● **WHAT NEEDS TO BE DONE**
Write out the listing below in its entirety, minus the pictures, without changing a word.

──────── DATA BLOCK ────────

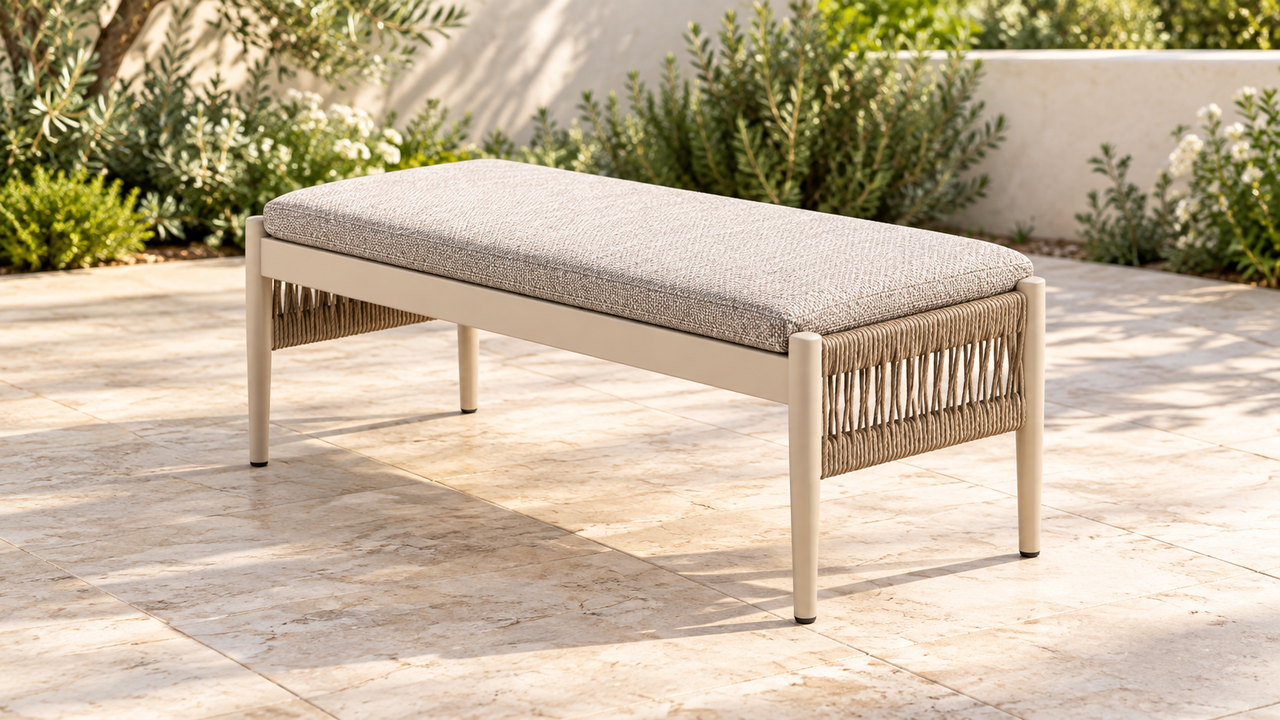 Bench Nedir? Balkon ve Bahçede Nasıl Kullanılır?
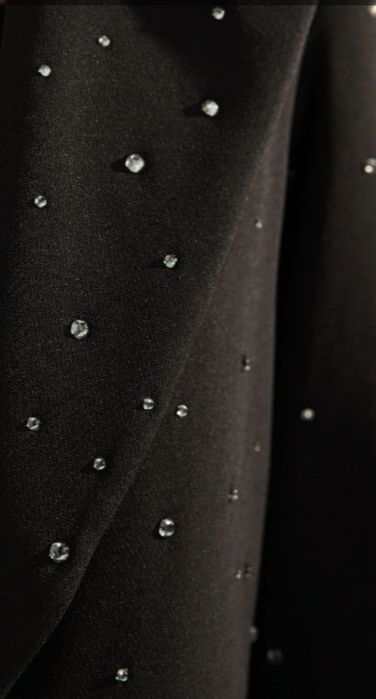 Дамско сако с инкрустирани камъчета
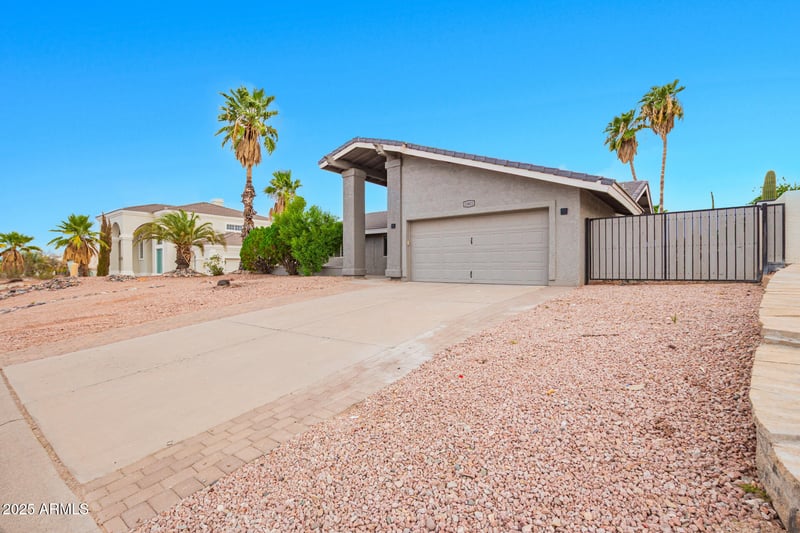 15821 Thistle Dr, Fountain Hills, AZ 85268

────────

● **ANSWER TO THIS EXERCISE**
 Bench Nedir? Balkon ve Bahçede Nasıl Kullanılır?
 Дамско сако с инкрустирани камъчета
 15821 Thistle Dr, Fountain Hills, AZ 85268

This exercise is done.